Es necesario ser asiduos en la oración, acudiendo a ella no solo como quien recurre a un medio para alcanzar determinados dones del Señor; sino, sobre todo, como quien se acerca a Dios Padre, que tiene derecho a tenernos cerca porque somos sus hijos, porque desea escucharnos y hablarnos. Él nos quiere infinitamente y ha dado su vida para tenernos cerca de él y hacernos partícipes de su gloria.

3.- Todo ello requiere fe. Y, para cultivar la fe recibida en el Bautismo, es necesario que entendamos que la misma fe es ya un obsequio que Dios nos infunde como una semilla cuyo desarrollo nos corresponde.

La fe, que nos permite experimentar vivencialmente cuanto venimos diciendo, es ya un misterio. Consiste en creer lo que no vemos, y en adherirnos de corazón a Dios Padre, Hijo y Espíritu Santo, a Quien tampoco vemos, y cuya Trinidad de Personas en indestructible unidad fundamenta nuestra vida cristiana y nuestra capacidad de salvación. Creer en la Santísima Trinidad es condición indispensable para salvarnos como cristianos. De hecho, tanto la sagrada Liturgia como la piedad popular nos invitan a iniciar toda acción importante en el Nombre del Padre, y del Hijo y del Espíritu Santo. Al mismo tiempo, la Iglesia nos propone constantemente, como alabanza a Dios, decir con devoción: “Gloria al Padre y al Hijo y al Espíritu Santo”
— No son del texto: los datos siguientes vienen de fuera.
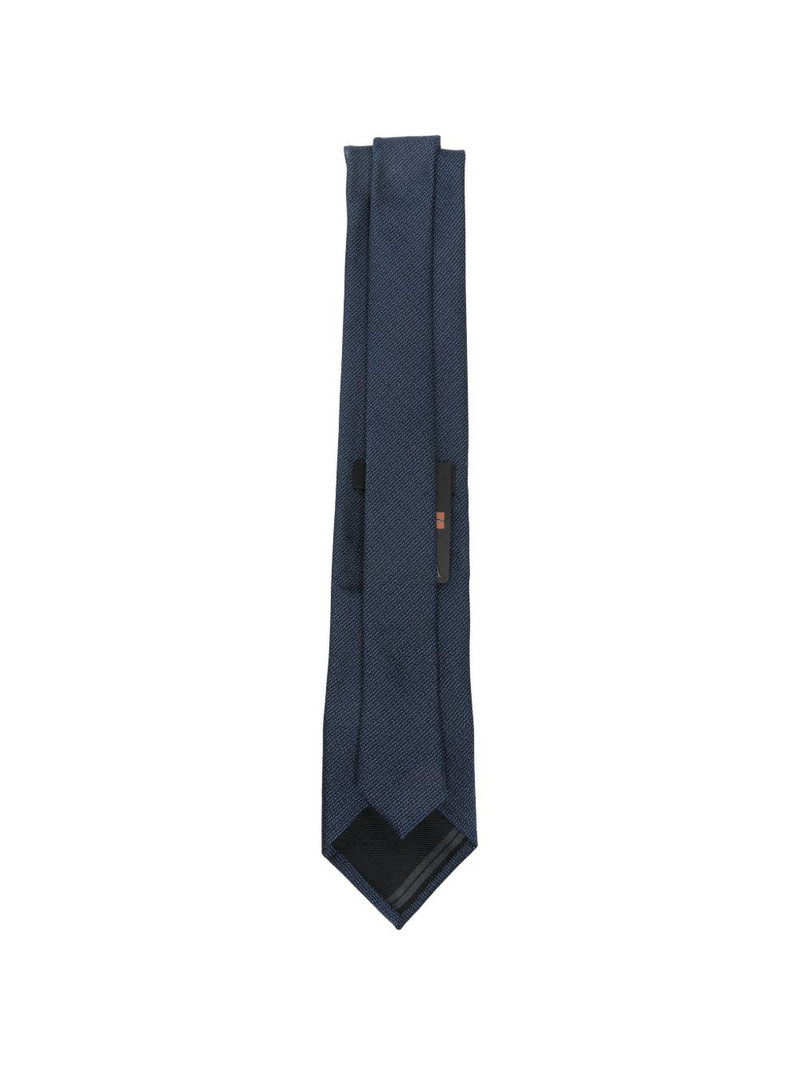 ZEGNA textured-finish tie outlook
4.- Pues bien: todo esto sería imposible en nosotros, si Cristo no nos hubiera redimido. Su misma redención podría parecernos mera promesa incumplida, si después de la muerte redentora, Cristo no hubiera resucitado. Pero como Jesucristo ha resucitado, lo que parece imposible es plenamente cierto para los que creemos, para los que gozamos del inmenso don de la fe. Por tanto, podemos y debemos buscar, como lo más importante de nuestra existencia, aquello que el Señor nos depara como dones divinos. Sólo aprovechándolos debidamente podremos lograr el disfrute eterno de su gloria en los cielos.

Esto es lo que da sentido a nuestra existencia, a la vida y a la muerte, al dolor y a las alegrías, al trabajo y a la relación con las personas, a la salud y a la enfermedad.

Esto es lo que nos permite vivir con entereza los momentos y los trances difíciles; y ofrecer a Dios, unidos a la Cruz de Cristo, todo lo que somos y tenemos, todo lo que hacemos y todo lo que nos acontece.

5.- La resurrección del Señor es un hecho cierto, verdaderamente acontecido en el tiempo. La Secuencia que acabamos de escuchar canta a la resurrección del Señor, diciendo: “Lucharon vida y muerte / en singular batalla, / y, muerto el que es la Vida / triunfante se levanta”.

A nosotros corresponde, movidos por la fe, elevar nuestra súplica al Todopoderoso, con las misma palabras de la Secuencia, que termina diciendo: “Rey vencedor, apiádate / de la miseria humana / y da a tus fieles parte / en tu victoria santa”.